**The task**: Return the lines beginning at the one that contains "Beautiful asian hair" and running to the end of the records, exactly and with nothing else. Omit pictures.

Captioned web images
────
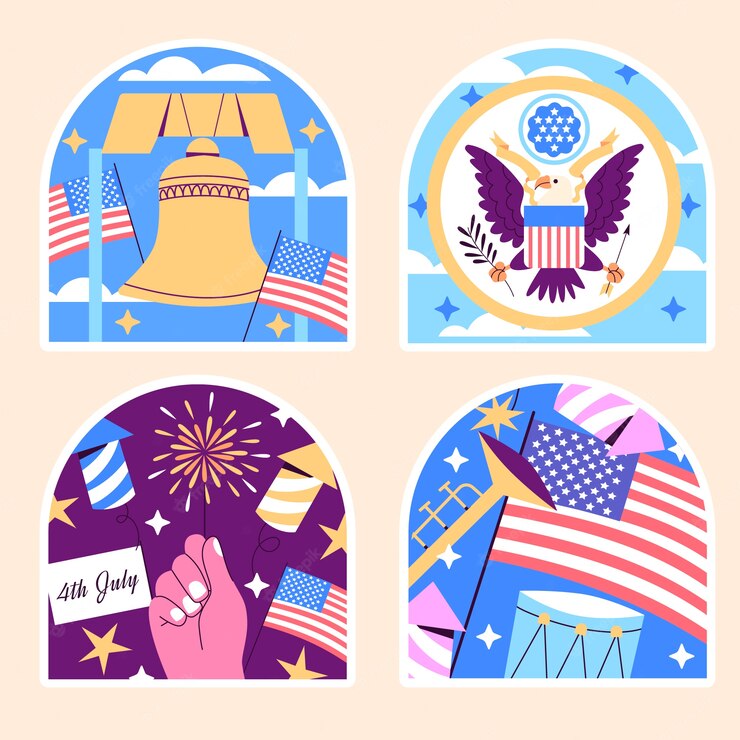 Naive American Flag Patriotic Stickers 52683 81386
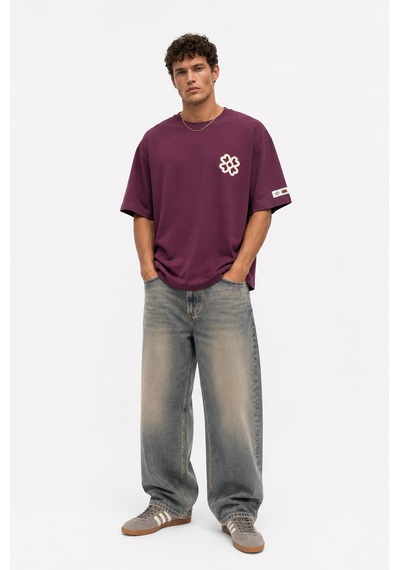Respire Erkek Nakış Detaylı Oversize T-shirt Vişne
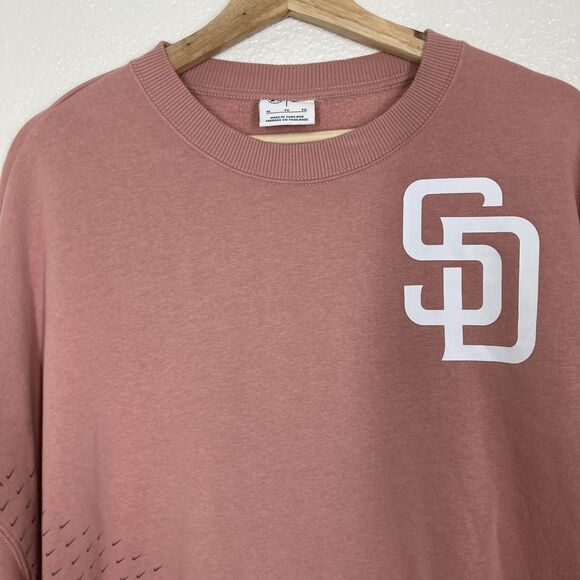San Diego Padres Sweatshirt Womens XL Pink MLB Baseball Nike Swoosh Sleeve Crop - Picture 4 of 16
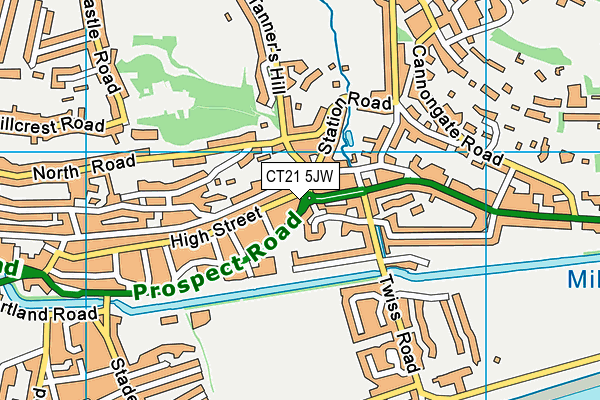 CT21 5JW map - OS VectorMap District (Ordnance Survey) CT21 5JW map - OS VectorMap District (Ordnance Survey)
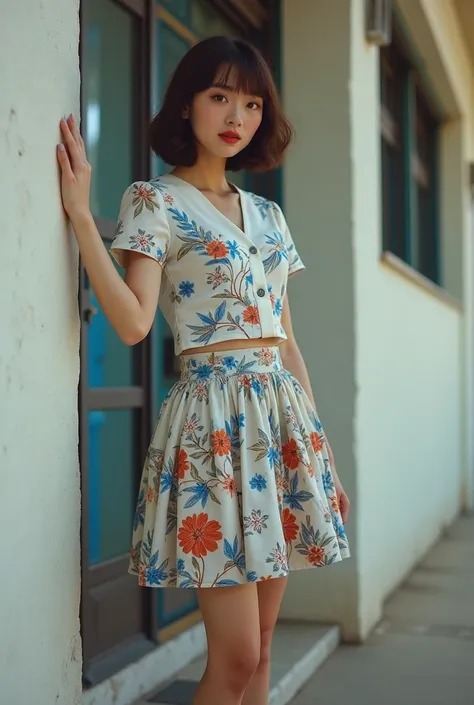 Beautiful asian hair  bob and blues motif floral and skirt short span  fashion like old  wear shoes vantovel times 1987s photo swlful body image standing whit one  hand on wall  on building old hdr 75k realistic real clear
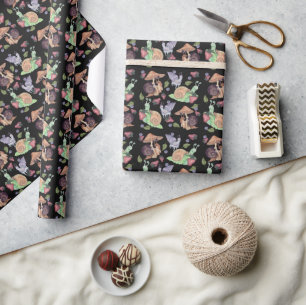 Stop and Smell the Strawberries Snail  Pattern Wrapping Paper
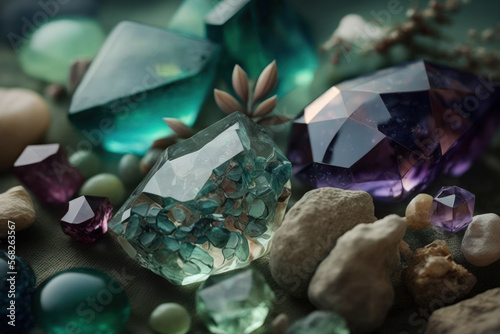 Gemstones and minerals on an enigmatic natural backdrop. Close up of fluorite quartz crystals. Magical healing gemstones for witchcraft and crystal ritual. soul relaxation, Reiki therapy, and spiritua photo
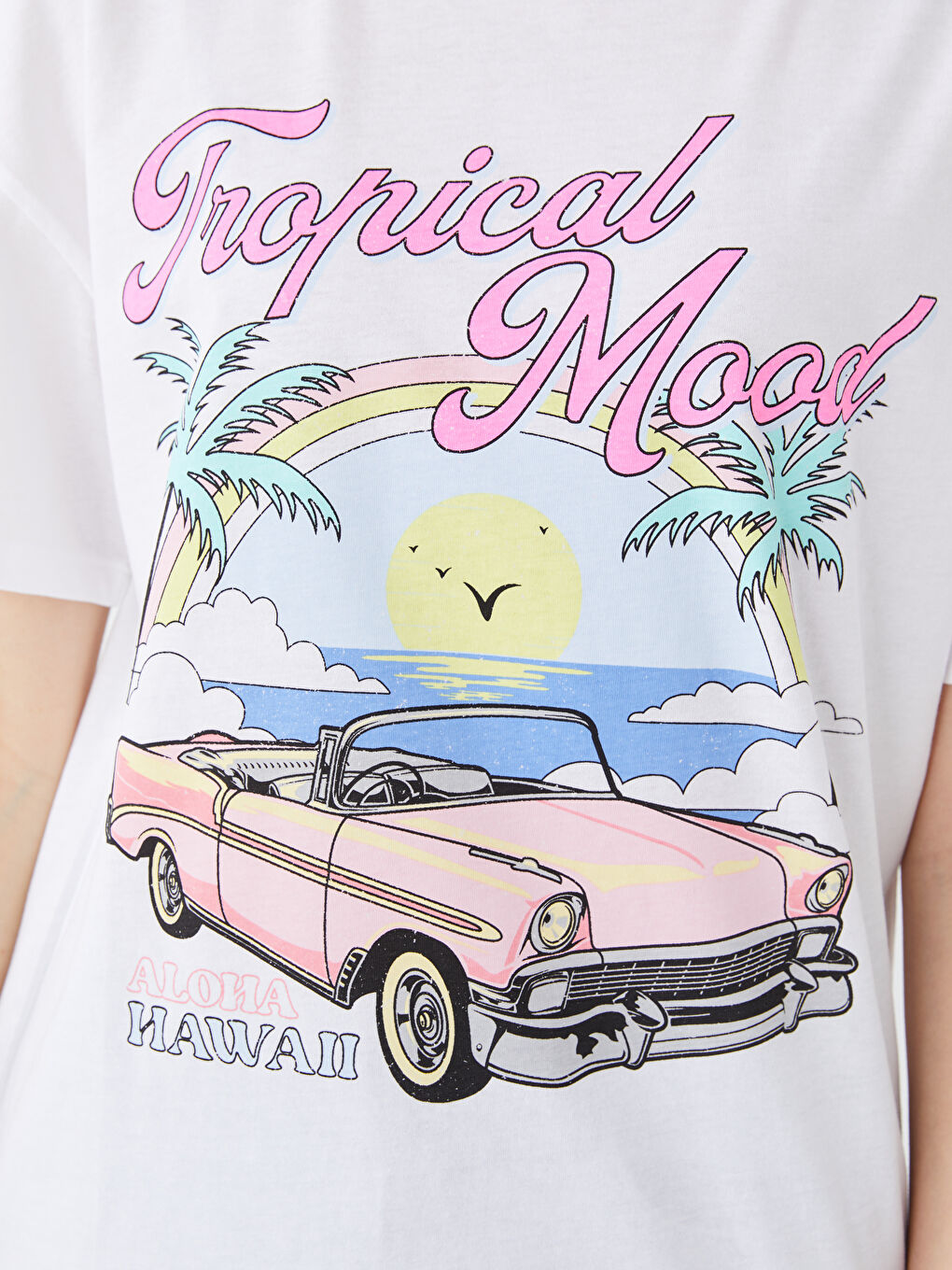 T-shirt à manches courtes imprimé à col rond pour femmes-3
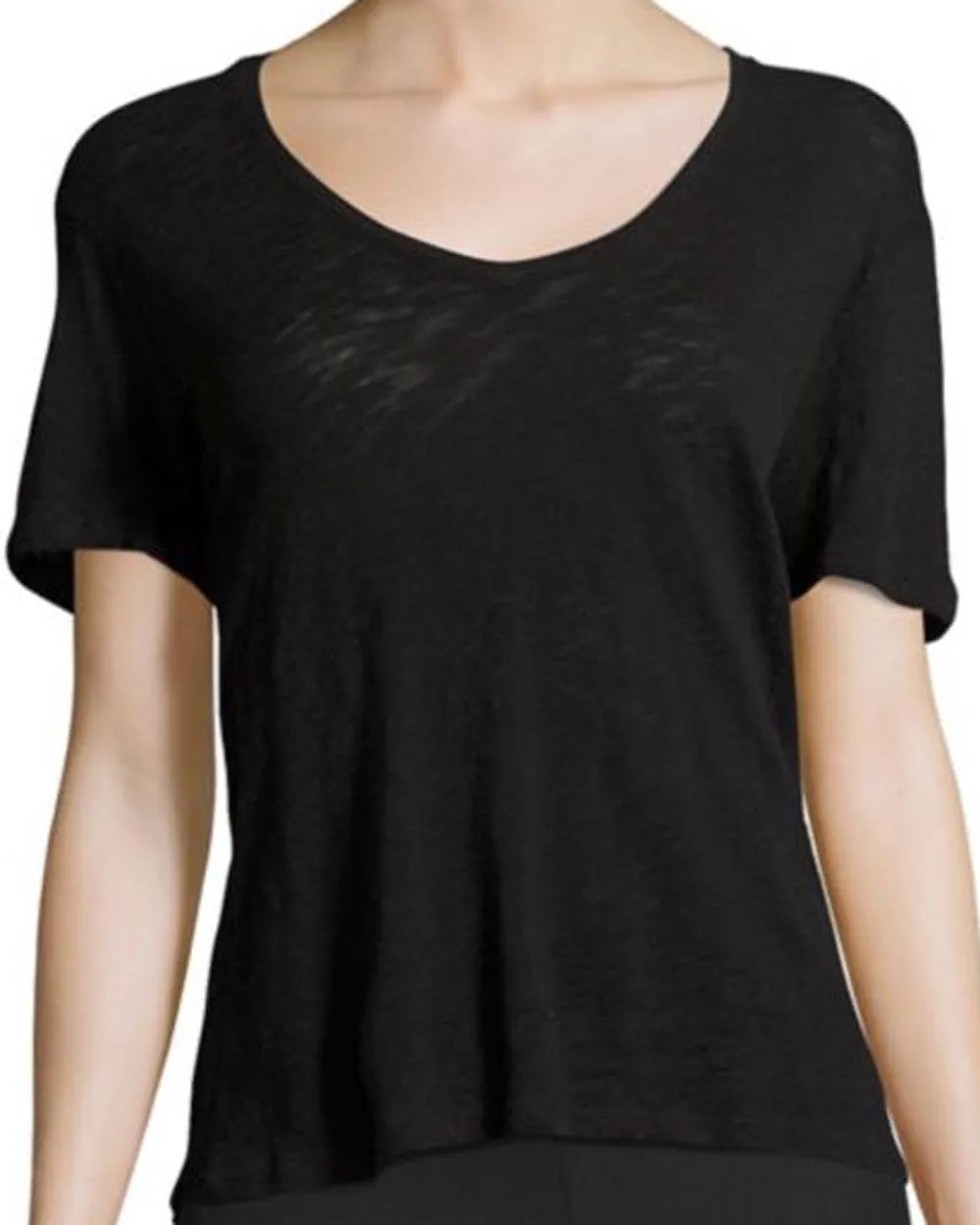 Black Slub Jersey Boyfriend V-Neck Tee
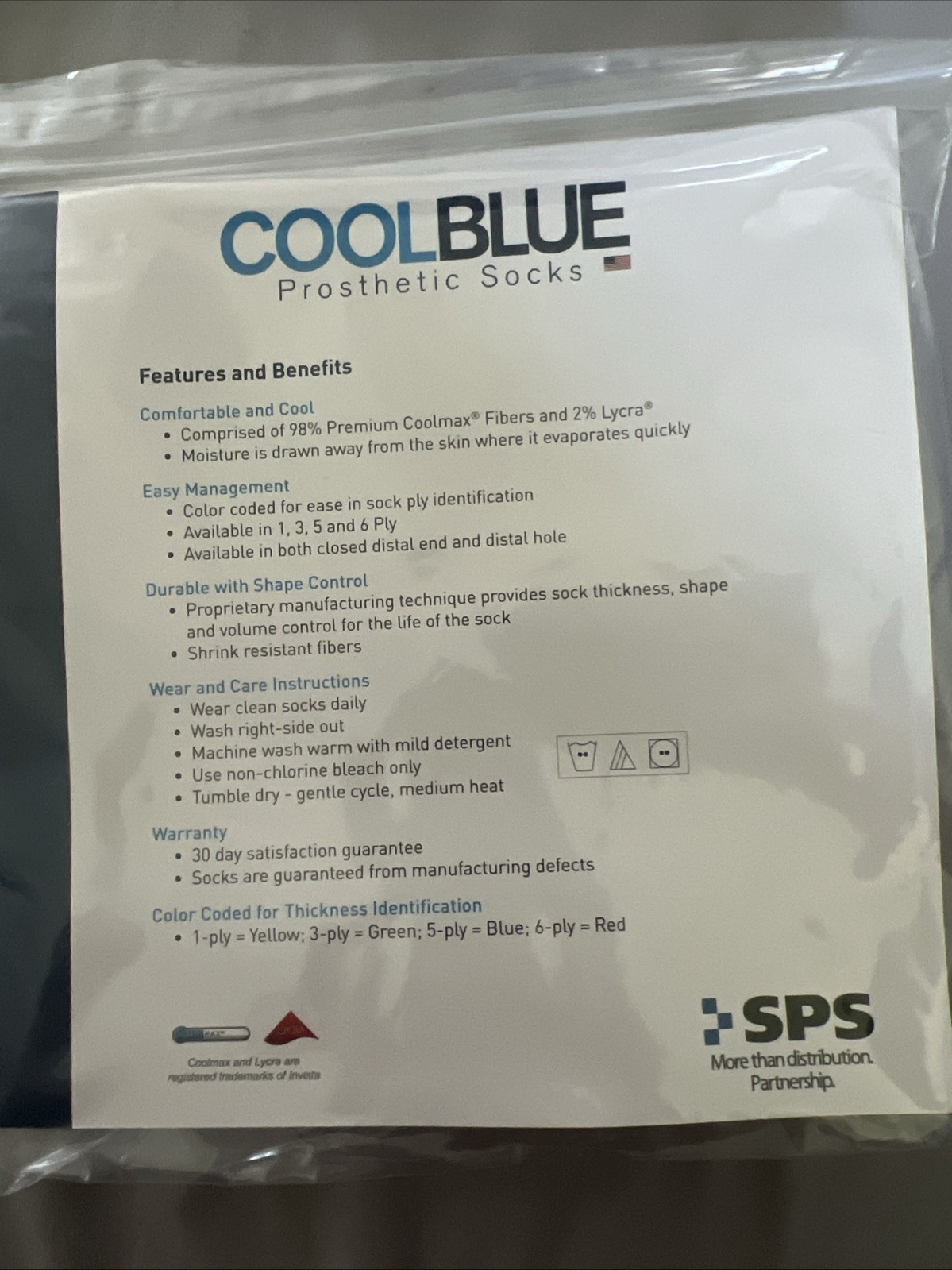 1 Prosthetic Socks Cool Blue 5 Ply CB5MDSH2 Size 1, 2 length 10 – 14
────
**Response area**:
 Beautiful asian hair  bob and blues motif floral and skirt short span  fashion like old  wear shoes vantovel times 1987s photo swlful body image standing whit one  hand on wall  on building old hdr 75k realistic real clear
 Stop and Smell the Strawberries Snail  Pattern Wrapping Paper
 Gemstones and minerals on an enigmatic natural backdrop. Close up of fluorite quartz crystals. Magical healing gemstones for witchcraft and crystal ritual. soul relaxation, Reiki therapy, and spiritua photo
 T-shirt à manches courtes imprimé à col rond pour femmes-3
 Black Slub Jersey Boyfriend V-Neck Tee
 1 Prosthetic Socks Cool Blue 5 Ply CB5MDSH2 Size 1, 2 length 10 – 14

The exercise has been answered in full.